Material to process
▬▬▬

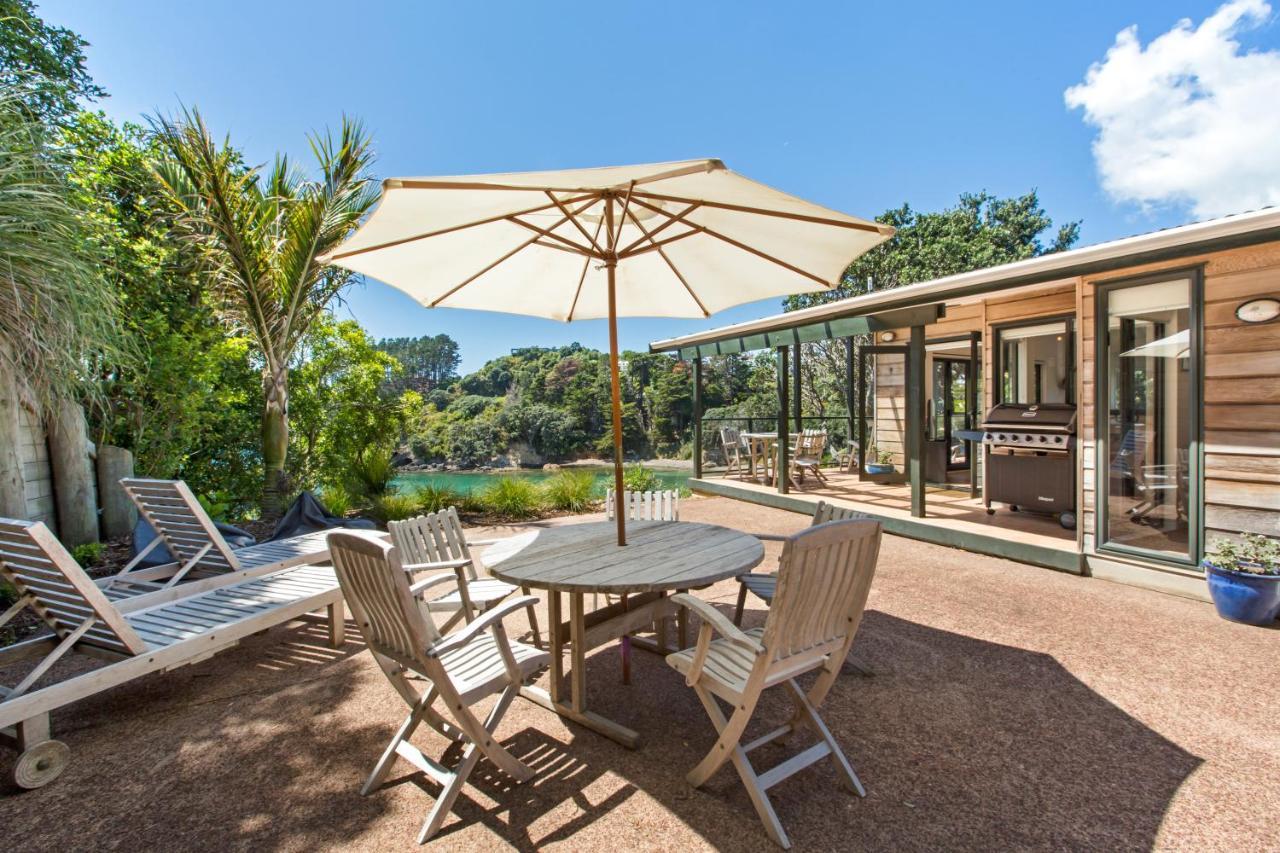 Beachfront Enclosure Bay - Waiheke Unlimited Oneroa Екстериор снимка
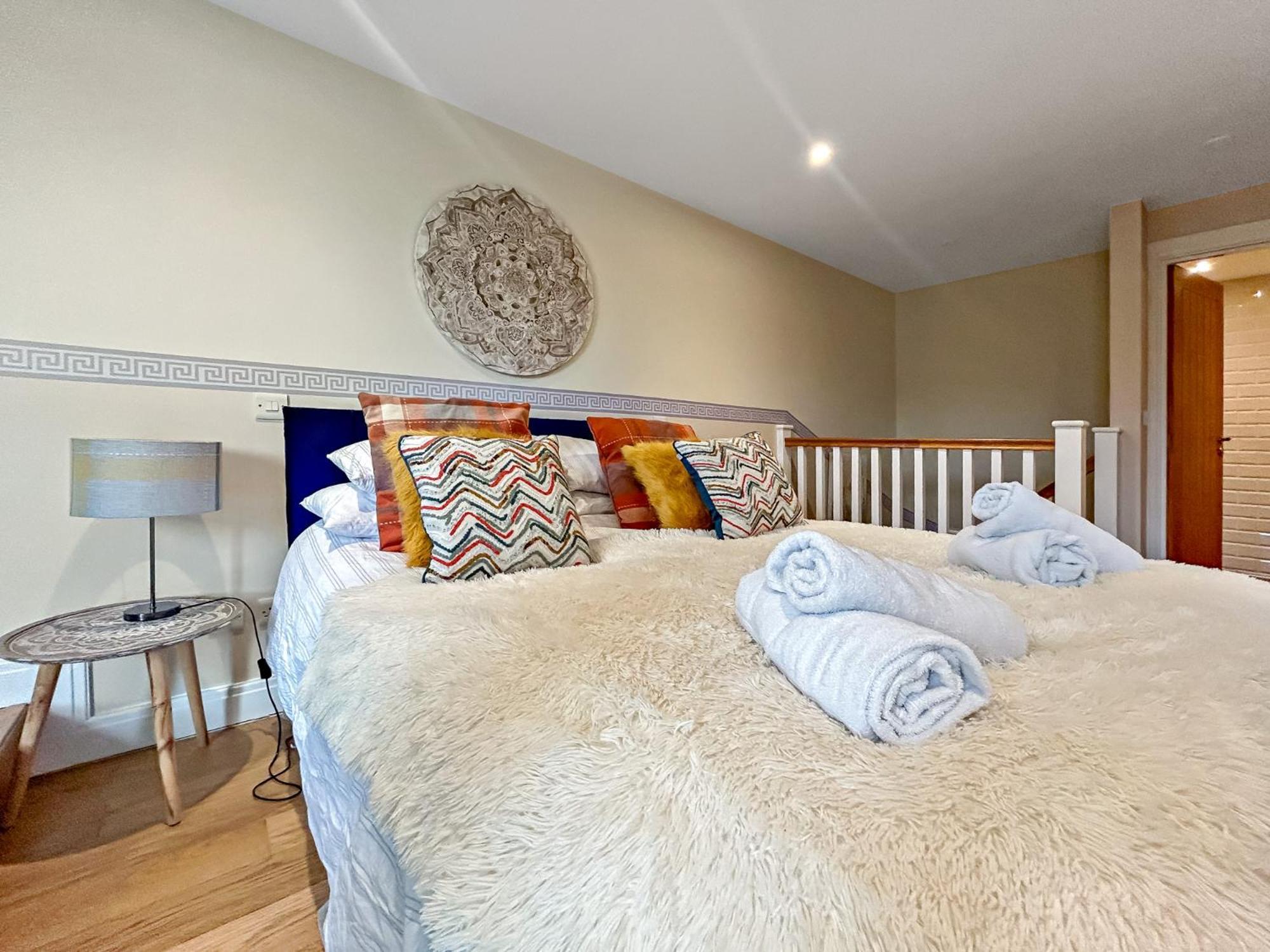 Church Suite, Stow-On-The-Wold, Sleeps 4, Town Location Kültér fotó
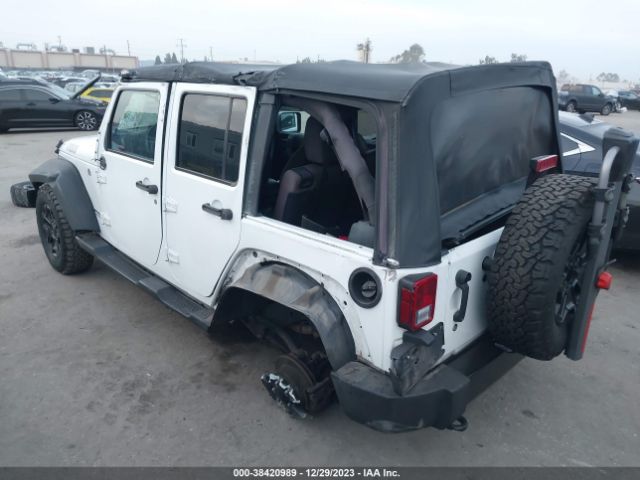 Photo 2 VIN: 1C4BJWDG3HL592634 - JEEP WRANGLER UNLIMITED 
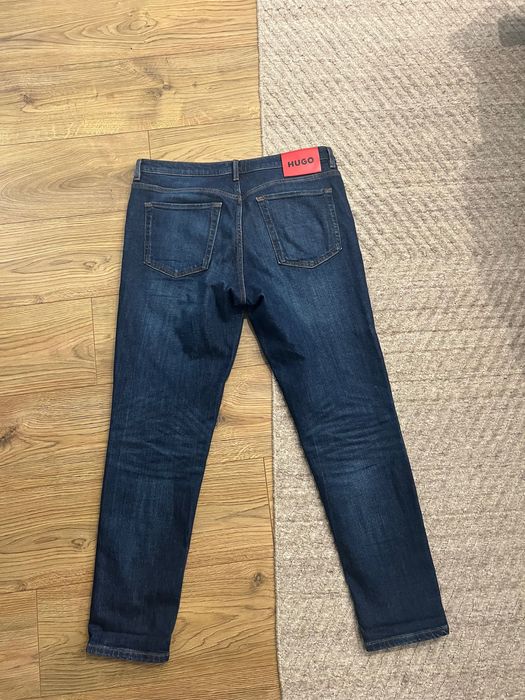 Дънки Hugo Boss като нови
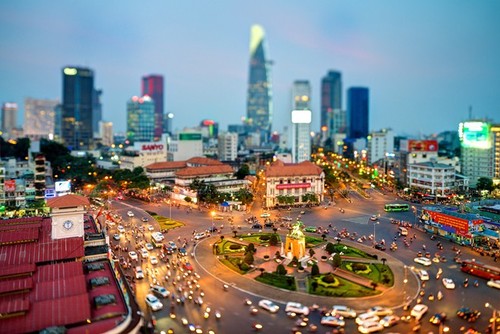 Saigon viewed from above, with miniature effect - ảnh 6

▬▬▬

Task details
Pictures are to be omitted from the copy. Reproduce exactly, and only, the lines from the one containing "Photo 2 VIN: 1C4BJWDG3HL592634" to the end of the listing above.

Written solution
 Photo 2 VIN: 1C4BJWDG3HL592634 - JEEP WRANGLER UNLIMITED 
 Дънки Hugo Boss като нови
 Saigon viewed from above, with miniature effect - ảnh 6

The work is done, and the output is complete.